MATERIAL FOR THE TASK below:

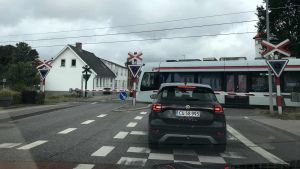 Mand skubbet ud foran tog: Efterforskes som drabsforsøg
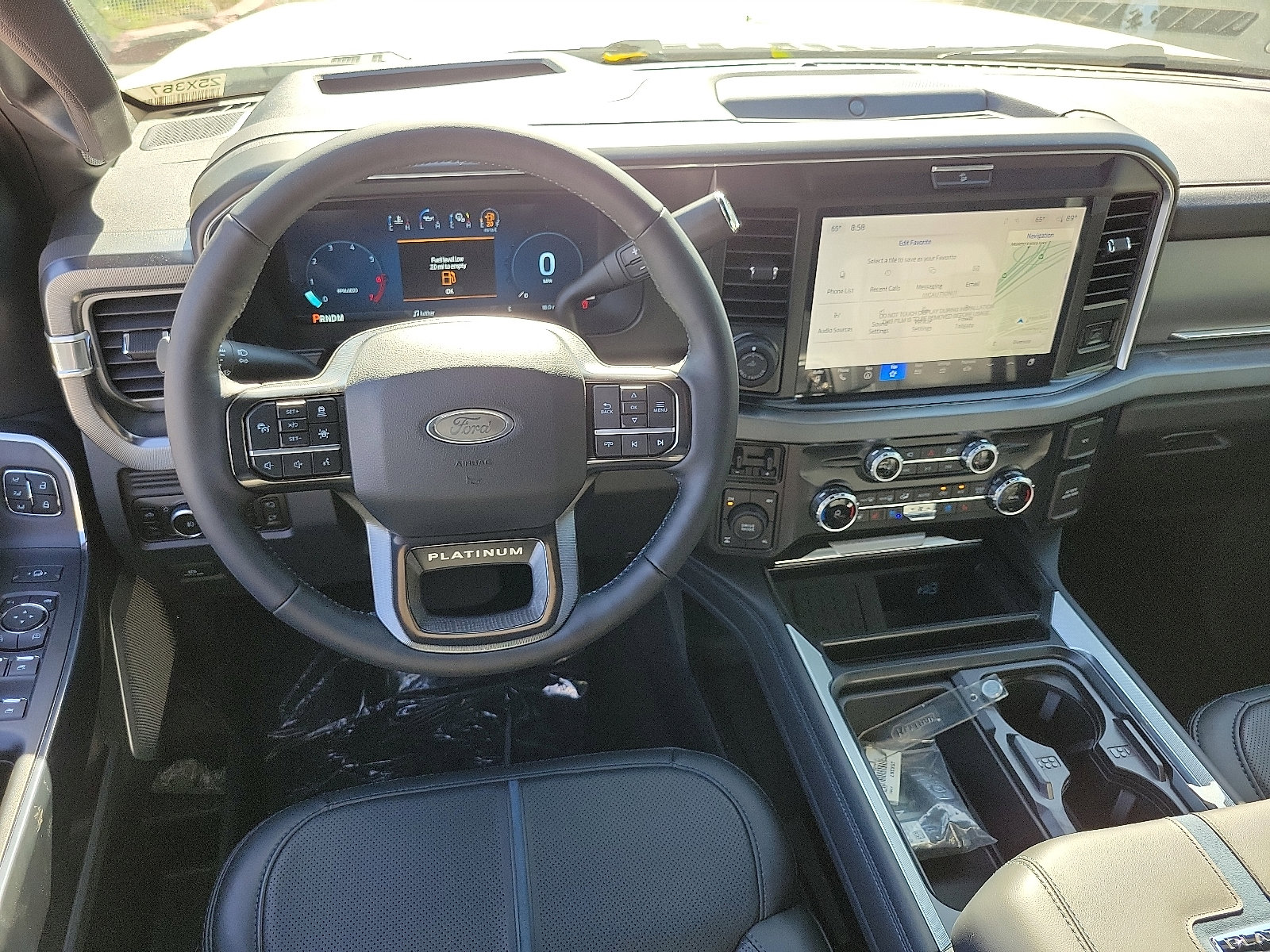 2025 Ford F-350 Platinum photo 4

End of MATERIAL FOR THE TASK.
MATERIAL FOR THE TASK below:

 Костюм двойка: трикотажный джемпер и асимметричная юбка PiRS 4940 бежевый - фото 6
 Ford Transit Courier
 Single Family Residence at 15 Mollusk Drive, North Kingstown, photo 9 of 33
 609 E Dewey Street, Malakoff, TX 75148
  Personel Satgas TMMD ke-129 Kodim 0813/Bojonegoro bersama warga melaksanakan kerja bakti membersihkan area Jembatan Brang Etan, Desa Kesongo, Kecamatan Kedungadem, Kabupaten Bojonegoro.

End of MATERIAL FOR THE TASK.
MATERIAL FOR THE TASK below:

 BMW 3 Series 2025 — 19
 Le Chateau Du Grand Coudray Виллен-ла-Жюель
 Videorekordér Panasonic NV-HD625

End of MATERIAL FOR THE TASK.

▸ **WORK INSTRUCTIONS**: Return only the lines between the one holding "Костюм двойка: трикотажный" and the one holding "Personel Satgas TMMD", inclusive, exactly as they appear above.

▸ **TASK SOLUTION**:
 Костюм двойка: трикотажный джемпер и асимметричная юбка PiRS 4940 бежевый - фото 6
 Ford Transit Courier
 Single Family Residence at 15 Mollusk Drive, North Kingstown, photo 9 of 33
 609 E Dewey Street, Malakoff, TX 75148
  Personel Satgas TMMD ke-129 Kodim 0813/Bojonegoro bersama warga melaksanakan kerja bakti membersihkan area Jembatan Brang Etan, Desa Kesongo, Kecamatan Kedungadem, Kabupaten Bojonegoro.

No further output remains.